Still, momentum had been lost. The fight never happened. Fans missed out.
With the aforementioned Pacquiao-Mayweather, financially the time was clearly right when they eventually met. Both made record-setting numbers, but fans felt short-changed with the stars of the show several years removed from their best. As an event, the time might have been spot on. As a truly meaningful fight, it had gone beyond its sell by date due to the Filipino’s form.
One is not particularly fond of the word, or the meaning behind ‘marinate’ in boxing. Too often it is a cover word for dodging, ducking, politics or any other number of excuses you could care to mention for the fights we want or need not happening.

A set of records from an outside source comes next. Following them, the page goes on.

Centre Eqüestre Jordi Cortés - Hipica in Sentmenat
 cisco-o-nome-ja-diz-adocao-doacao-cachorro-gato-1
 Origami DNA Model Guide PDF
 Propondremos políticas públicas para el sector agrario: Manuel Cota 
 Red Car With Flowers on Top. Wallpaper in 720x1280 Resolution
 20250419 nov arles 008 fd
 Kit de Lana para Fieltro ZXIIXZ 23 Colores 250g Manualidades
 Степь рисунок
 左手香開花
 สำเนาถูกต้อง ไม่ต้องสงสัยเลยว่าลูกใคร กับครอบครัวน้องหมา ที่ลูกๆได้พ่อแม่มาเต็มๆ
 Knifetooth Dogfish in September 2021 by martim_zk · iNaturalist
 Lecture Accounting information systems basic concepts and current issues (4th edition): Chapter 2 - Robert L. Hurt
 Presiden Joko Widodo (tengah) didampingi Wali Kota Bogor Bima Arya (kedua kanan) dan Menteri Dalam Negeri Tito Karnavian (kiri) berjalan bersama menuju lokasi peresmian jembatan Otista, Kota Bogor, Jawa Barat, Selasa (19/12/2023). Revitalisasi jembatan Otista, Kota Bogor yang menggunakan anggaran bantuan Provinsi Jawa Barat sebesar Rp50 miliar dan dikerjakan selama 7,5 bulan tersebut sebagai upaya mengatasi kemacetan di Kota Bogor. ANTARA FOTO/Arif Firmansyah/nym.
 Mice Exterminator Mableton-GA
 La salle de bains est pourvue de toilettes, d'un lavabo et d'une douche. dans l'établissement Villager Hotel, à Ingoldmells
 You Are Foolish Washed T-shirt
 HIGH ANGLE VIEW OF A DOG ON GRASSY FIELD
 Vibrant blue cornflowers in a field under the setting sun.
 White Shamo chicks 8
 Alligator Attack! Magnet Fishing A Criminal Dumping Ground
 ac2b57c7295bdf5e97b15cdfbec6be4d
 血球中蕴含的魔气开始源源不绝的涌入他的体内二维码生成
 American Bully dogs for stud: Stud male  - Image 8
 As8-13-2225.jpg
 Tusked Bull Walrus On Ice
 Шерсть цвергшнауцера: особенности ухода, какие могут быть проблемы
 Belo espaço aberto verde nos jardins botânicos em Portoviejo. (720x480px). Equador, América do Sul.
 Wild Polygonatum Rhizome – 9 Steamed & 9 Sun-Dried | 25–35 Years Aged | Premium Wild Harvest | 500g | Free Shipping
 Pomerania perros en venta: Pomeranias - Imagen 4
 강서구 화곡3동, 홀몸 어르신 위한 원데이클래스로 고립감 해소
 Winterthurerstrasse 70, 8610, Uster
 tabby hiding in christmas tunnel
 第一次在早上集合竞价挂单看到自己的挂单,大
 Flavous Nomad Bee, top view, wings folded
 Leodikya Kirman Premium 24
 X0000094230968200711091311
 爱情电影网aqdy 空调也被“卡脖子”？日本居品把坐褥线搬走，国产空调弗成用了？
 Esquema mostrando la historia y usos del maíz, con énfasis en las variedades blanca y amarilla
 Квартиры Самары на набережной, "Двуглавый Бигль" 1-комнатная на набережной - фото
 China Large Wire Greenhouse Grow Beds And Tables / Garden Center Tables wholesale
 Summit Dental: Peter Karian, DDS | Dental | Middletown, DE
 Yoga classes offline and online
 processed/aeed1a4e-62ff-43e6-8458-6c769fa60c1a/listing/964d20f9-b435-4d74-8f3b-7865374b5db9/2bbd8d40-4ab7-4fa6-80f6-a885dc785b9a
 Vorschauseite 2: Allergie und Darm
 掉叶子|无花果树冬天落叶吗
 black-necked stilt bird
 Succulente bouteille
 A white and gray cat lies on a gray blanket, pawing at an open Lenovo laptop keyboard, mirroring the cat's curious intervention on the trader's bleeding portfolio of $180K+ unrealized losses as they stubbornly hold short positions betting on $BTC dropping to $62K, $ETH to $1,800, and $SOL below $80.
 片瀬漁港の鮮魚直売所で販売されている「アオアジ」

It is better, certainly less frustrating, for the sport to use successful fights and fighters as infomercials to build longer feuds, with rematches, trilogies and multiple contests. It has been several years since boxing’s most recent great rivalries took place, since Juan Manuel Marquez bluntly knocked out Pacquiao (2012) or Rafael Marquez wrapped up his four-fight series against Israel Vazquez (2010).
But in this case, the promoters and the fighters have timed it just right. There is even time for a second fight. Or a third.
The time is now and in a month the dust will be settling on the most real big fight that can be made in boxing. The world cannot wait any longer. The result will hang in the balance until a winning hand is raised. And that is just the right amount of ‘marinate.’